Après la chute du communisme, ces réflexions vont se concrétiser sur la scène politique. Dès 1990, Donald Tusk participe à la fondation du parti du Congrès libéral-démocrate. Une initiative qui le fait entrer une première fois (1991-1993) à la Diète, la chambre basse du Parlement polonais, l’année suivante. Puis c’est au Sénat qu’il pénètre en 1997.
En 2001, des tensions éclatent dans son parti de l’époque. Il fonde alors la Plateforme civique (PO), dont il assure de nouveau la présidence aujourd’hui. Un nouveau mouvement avec lequel Donald Tusk se présente à l’élection présidentielle en mai 2005 face au parti Droit et justice (PiS) des frères Kaczynski. Arrivé en tête au premier tour avec 36 % des voix, il s’incline finalement lors du second.
C’est à la tête du gouvernement qu’on le retrouve deux ans plus tard. Après les élections anticipées d’octobre 2007, Donald Tusk devient Premier ministre et y reste jusqu’en 2014. La crise économique de 2008 est notamment l’occasion pour le nouveau chef de l’exécutif de faire ses preuves en évitant la récession à son pays.
Une carrière européenne
Depuis son entrée en politique, Donald Tusk a toujours soutenu l’intégration politique et économique de son pays au sein de l’Union européenne.
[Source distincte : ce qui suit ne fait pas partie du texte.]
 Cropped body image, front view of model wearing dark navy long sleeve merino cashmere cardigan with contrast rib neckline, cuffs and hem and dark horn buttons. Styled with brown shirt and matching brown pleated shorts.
Une position qui tranche avec celle du PiS, au pouvoir depuis 2015.
Cette aspiration va le conduire au poste de président du Conseil européen, où il succède à Herman Van Rompuy, premier titulaire du poste. Sa nomination en août 2014 est accueillie comme un symbole, 10 ans après l’entrée de la Pologne dans l’Union européenne. Avant lui, Jerzy Buzek - également membre de la plateforme civique - était le seul Polonais à avoir présidé une institution européenne, le Parlement européen de 2009 à 2012. Mais à l’époque, rares sont encore les représentants des pays d’Europe centrale et orientale aux postes clés de l’Union européenne. En 2017, Donald Tusk est même réélu pour un second mandat de deux ans et demi, avant de laisser sa place au Belge Charles Michel.
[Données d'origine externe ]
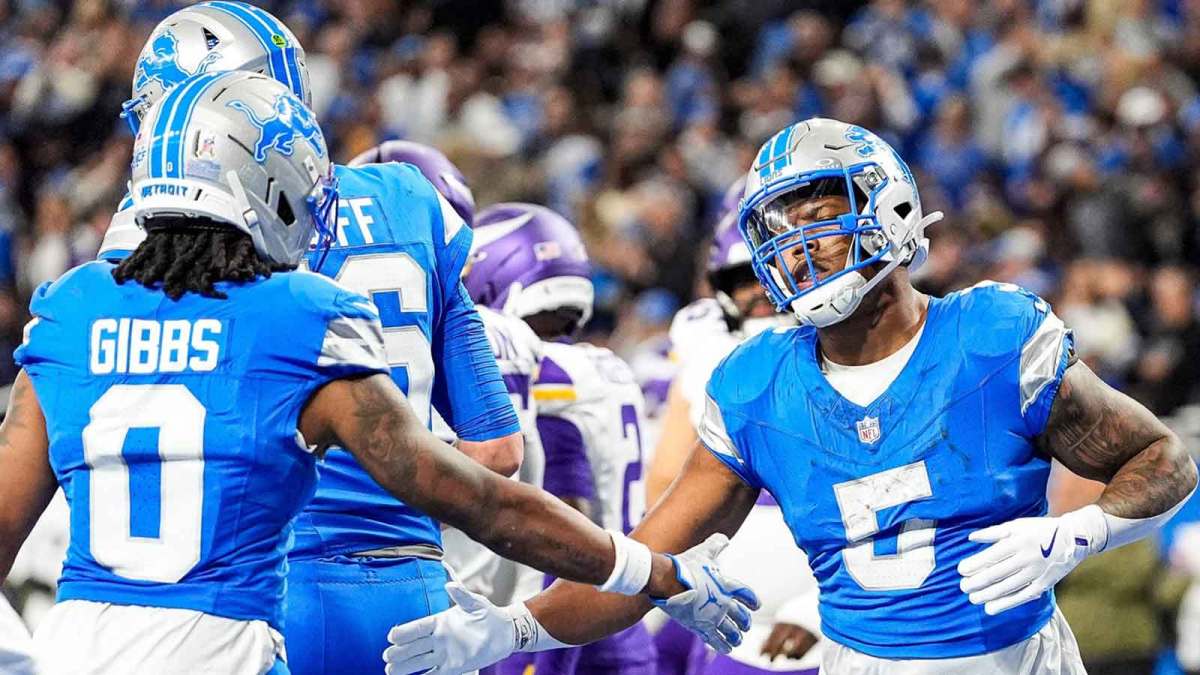 Detroit Lions running back David Montgomery (5) celebrates a touchdown against Minnesota Vikings with running back Jahmyr Gibbs (0) during the first half at Ford Field in Detroit on Sunday, November 2, 2025.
Mais le Polonais ne quitte pas Bruxelles pour autant et prend ses quartiers quelques rues plus loin. Le 20 novembre 2019, il est élu président du Parti populaire européen (PPE), première force politique du Parlement européen dont est également issue la présidente de la Commission, Ursula von der Leyen.
Bientôt de retour au pouvoir ?
Donald Tusk ne résiste alors pas longtemps aux sirènes nationales. En 2021, il reprend la tête de la Plateforme civique, sept ans après l’avoir quittée. L’année suivante, il abandonne également ses fonctions à la tête du PPE pour rentrer en Pologne. Avec une échéance dans le viseur : les élections législatives d’octobre 2023.
Après huit années au pouvoir, le PiS a distendu les liens de la Pologne avec l’Union européenne, s’opposant frontalement avec Bruxelles sur de nombreux sujets : l’indépendance de la justice, la primauté du droit européen ou encore les droits des LGBT. Un conflit qui a notamment valu à Varsovie le gel de fonds issus du plan de relance européen.
Mené par le Premier ministre sortant Mateusz Morawiecki, le parti ultraconservateur arrive en tête des élections du 15 octobre 2023 avec 36,6 % des suffrages, contre 31 % pour la Plateforme civique de Donald Tusk. Mais les bons scores de Troisième voie (13,5 %) et de la Gauche (8,6 %) placent l’opposition polonaise en bonne posture pour former une nouvelle coalition gouvernementale.
Si le président polonais Andrzej Duda (également membre du PiS) a chargé son Premier ministre Mateusz Morawiecki de former un nouveau gouvernement le 6 novembre dernier, cette mission semble vouée à l’échec. Donald Tusk, chef de file de l’opposition, pourrait alors entrer en jeu et être chargé, à son tour, de la formation d’un nouveau gouvernement. Il aurait ainsi les mains libres pour tenter de renouer les liens avec l’Union européenne.